§ THE PROBLEM
Of all the entries below, retype only the lines from the one with "type-modification-trucker-cap-black2.jpg" through the one with "obama’s-chines", exactly as they appear.
─── GIVEN RECORDS
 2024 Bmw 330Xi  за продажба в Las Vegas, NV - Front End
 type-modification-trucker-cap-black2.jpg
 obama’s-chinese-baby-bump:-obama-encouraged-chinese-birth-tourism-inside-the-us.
──────
─── GIVEN RECORDS
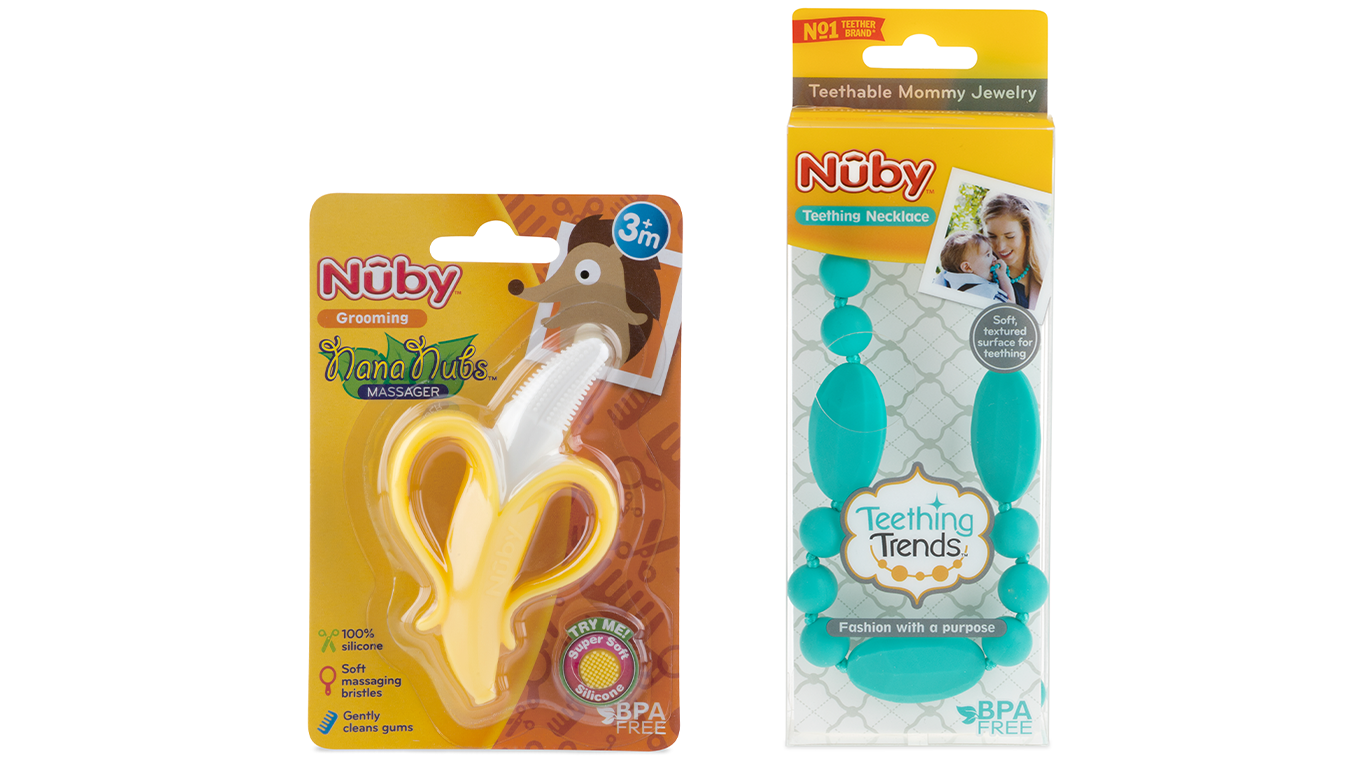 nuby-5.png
──────
§ RESULT FOR THIS TASK
 type-modification-trucker-cap-black2.jpg
 obama’s-chinese-baby-bump:-obama-encouraged-chinese-birth-tourism-inside-the-us.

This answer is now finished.